* WHAT YOU ARE ASKED TO DO:
Working from the records below, return word for word the line that contains "Apartament Nad Zalewem" and each line after it, ending with the last. Skip all pictures.

═════ DATA FOR THIS TASK

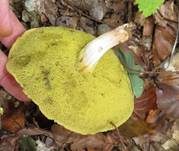 Ziegenlippe, Foto 17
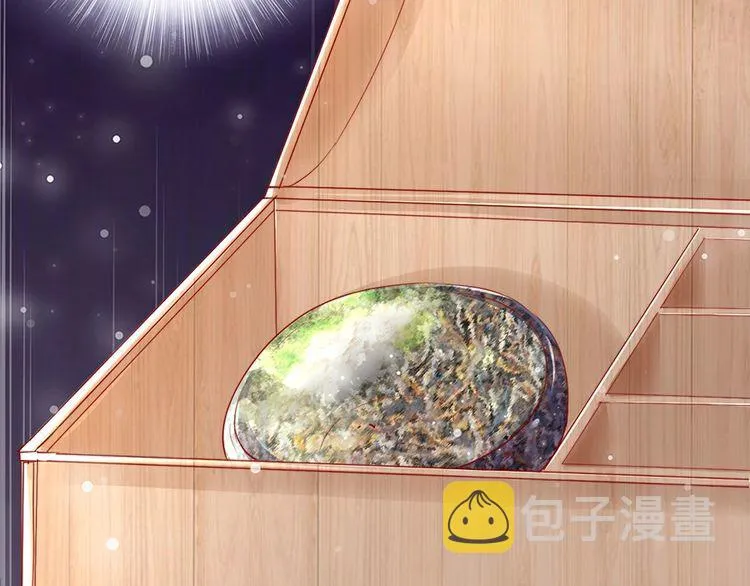 第24话 巧手王妃自制华服 第95页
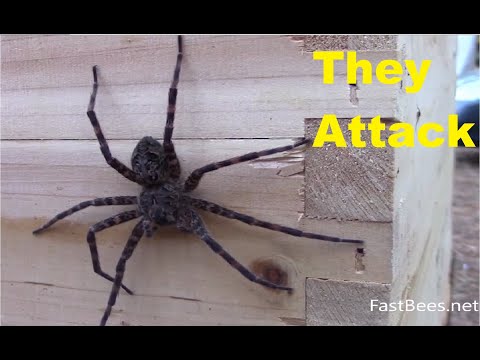 Bee Colony Fights Fishing Spider Brutally, Ruthlessly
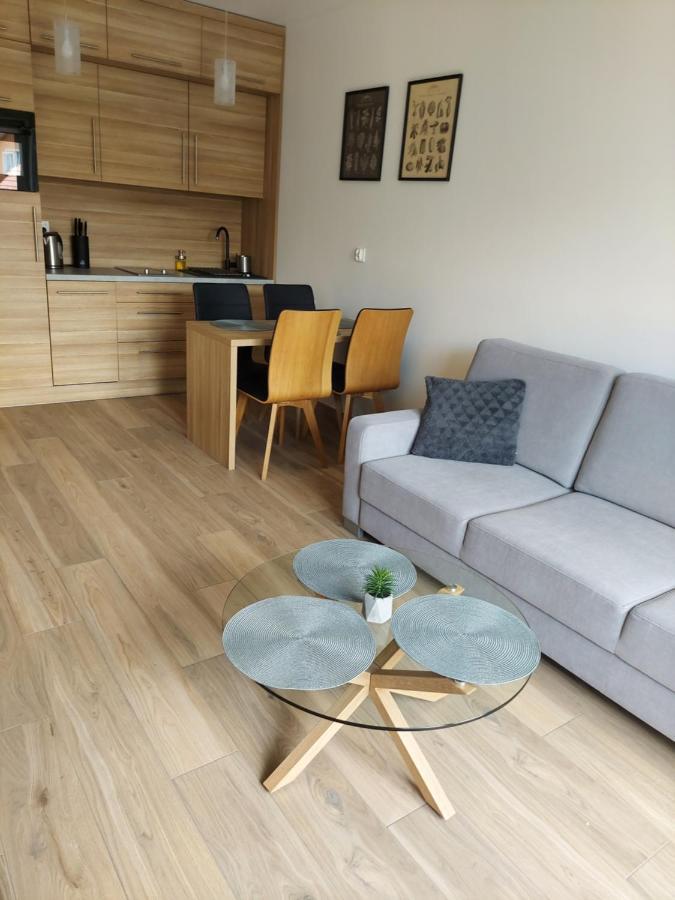 Apartament Nad Zalewem دجيفنوفيك المظهر الخارجي الصورة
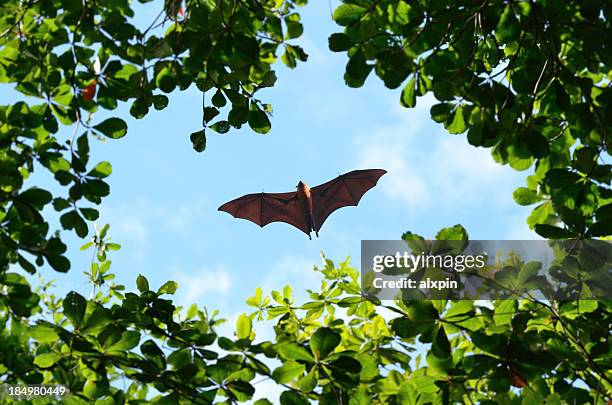 flying fox - bats flying stock pictures, royalty-free photos & images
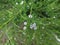 White confetti bush, Cape May, Coleonema album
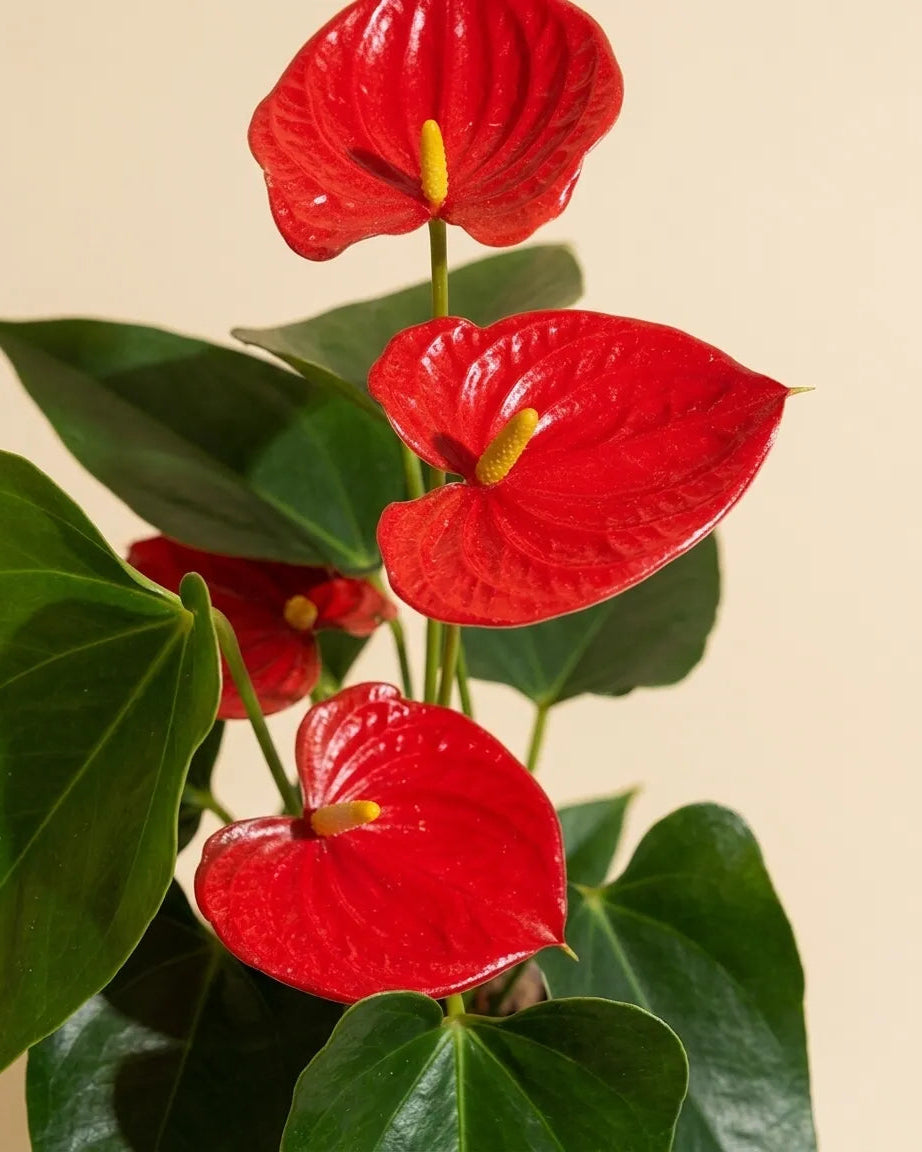 Anthurium Red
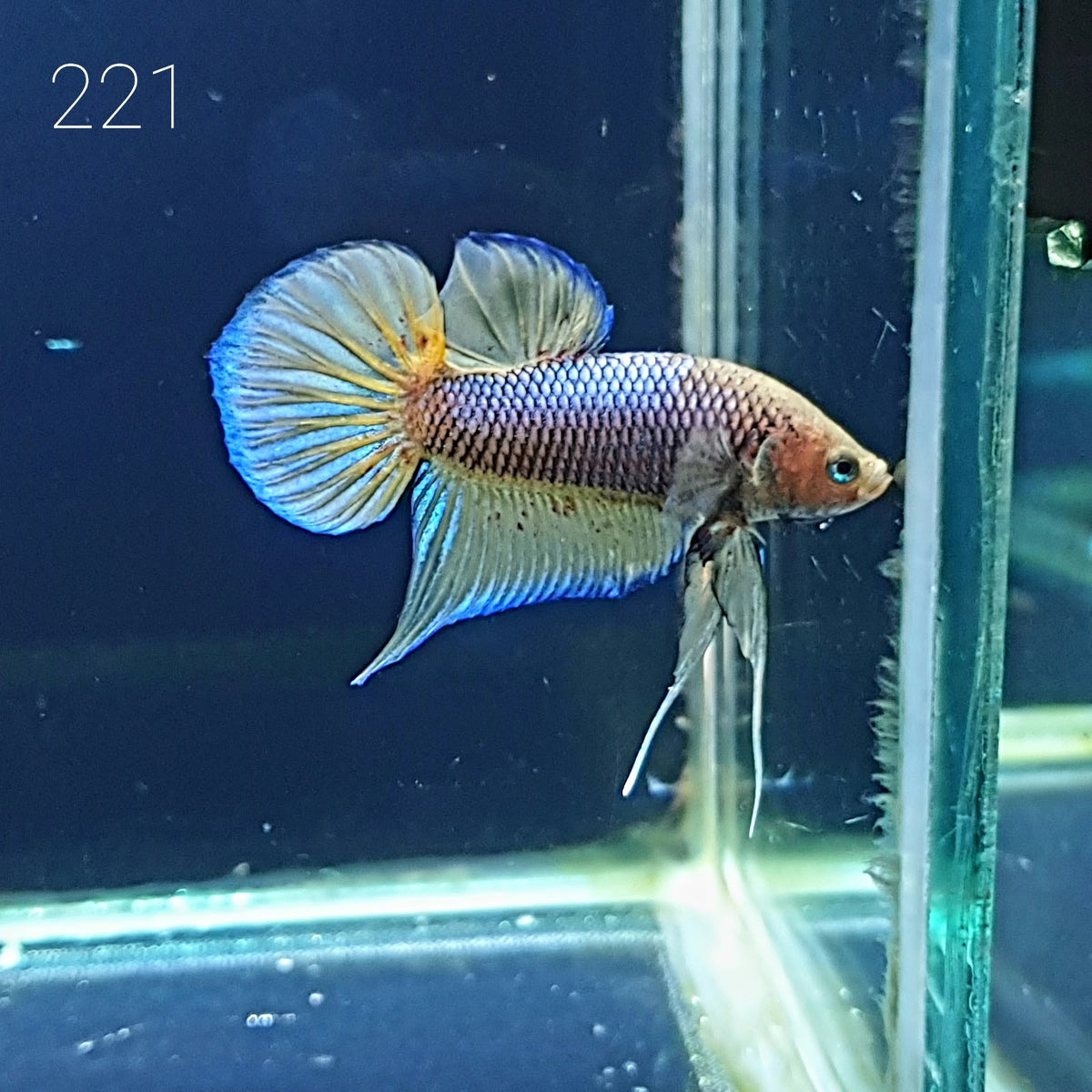 HMPK Betta Splendens #T221 by ivenbetta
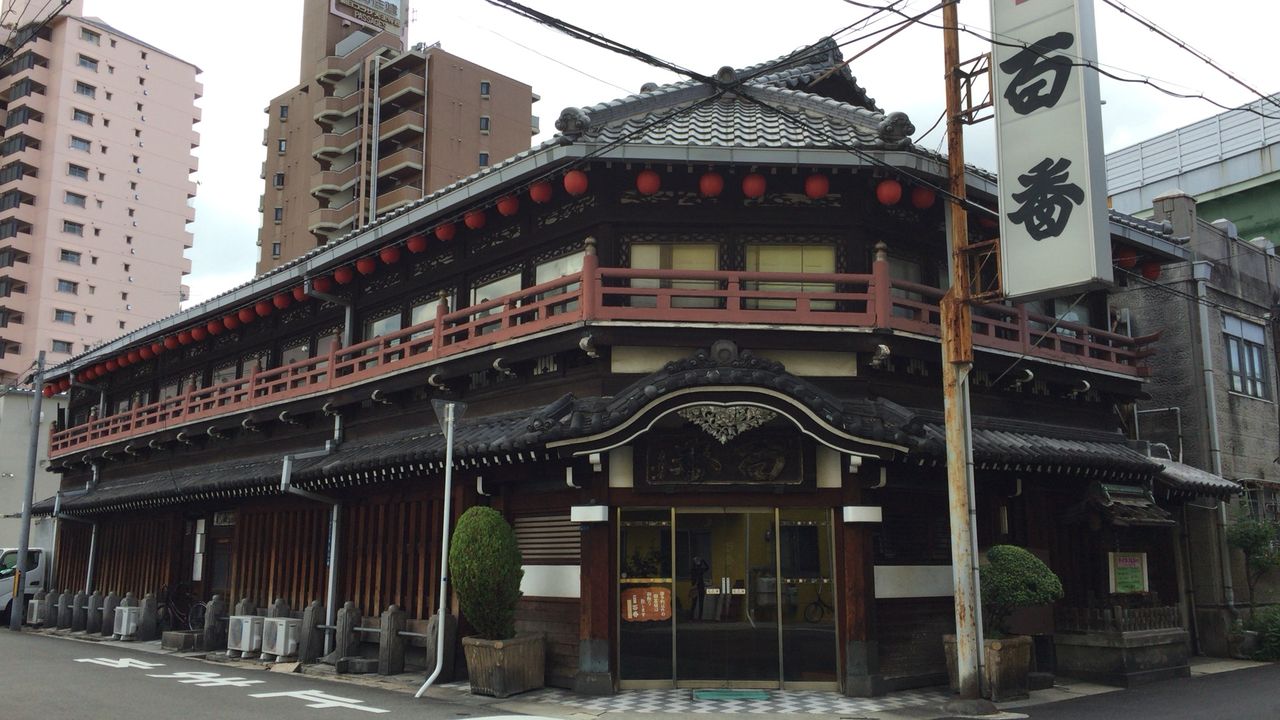 青春通り、飛田会館の桜🌸🍒さくらんぼの木なので咲くのが早いんやって。金魚姫の真ん前😊 #飛田新地 #今池駅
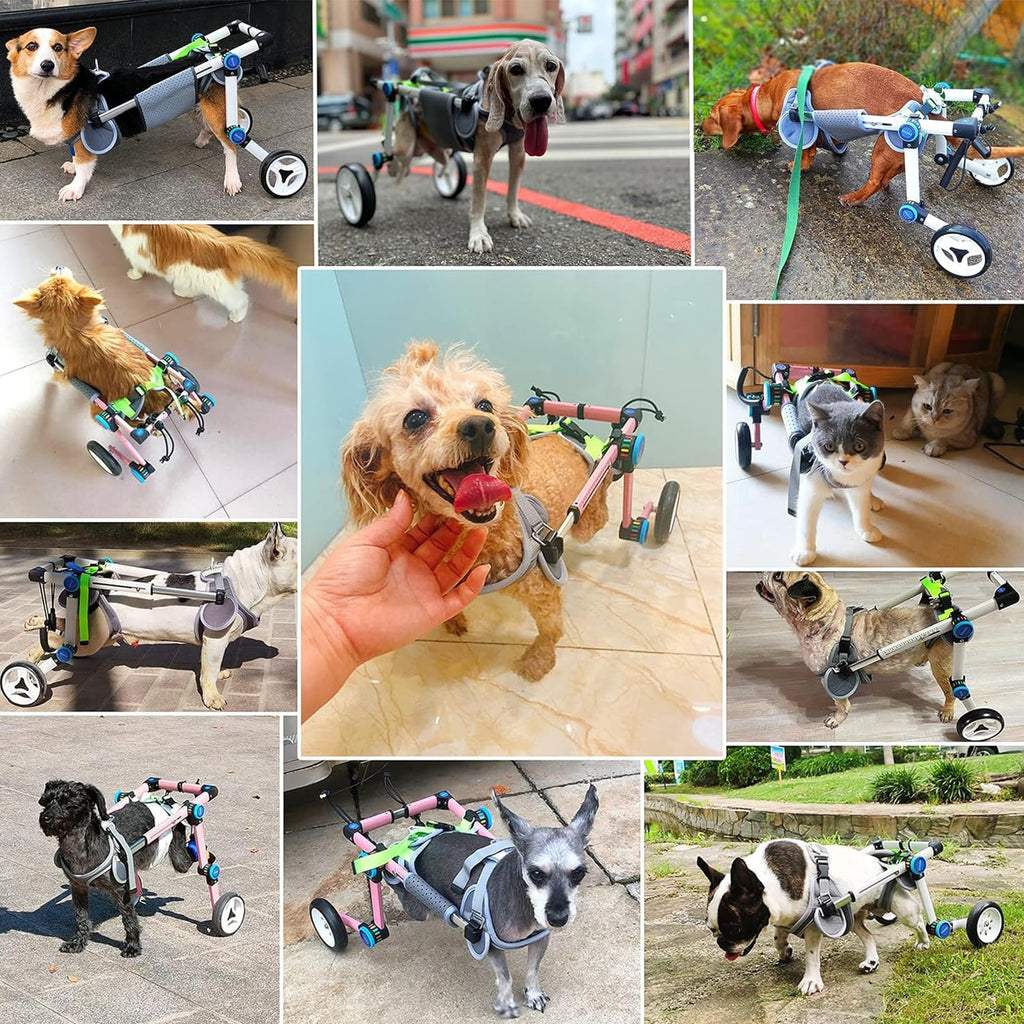 Adjustable Dog Cart, Dog Wheelchair for Back Legs, Foldable Dog Wheelchair Dog Leg Brace and Hip Support Assist Small Pets with Paralyzed Hind Limbs to Recover Their Mobility,XL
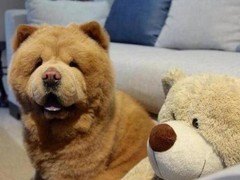 高端名贵犬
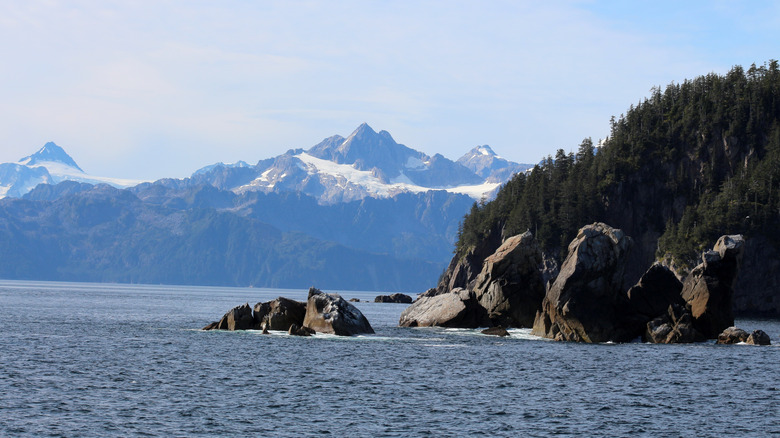 A beautiful view of Kenai Fjords National Park from the water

══════════

* TASK SOLUTION:
 Apartament Nad Zalewem دجيفنوفيك المظهر الخارجي الصورة
 flying fox - bats flying stock pictures, royalty-free photos & images
 White confetti bush, Cape May, Coleonema album
 Anthurium Red
 HMPK Betta Splendens #T221 by ivenbetta
 青春通り、飛田会館の桜🌸🍒さくらんぼの木なので咲くのが早いんやって。金魚姫の真ん前😊 #飛田新地 #今池駅
 Adjustable Dog Cart, Dog Wheelchair for Back Legs, Foldable Dog Wheelchair Dog Leg Brace and Hip Support Assist Small Pets with Paralyzed Hind Limbs to Recover Their Mobility,XL
 高端名贵犬
 A beautiful view of Kenai Fjords National Park from the water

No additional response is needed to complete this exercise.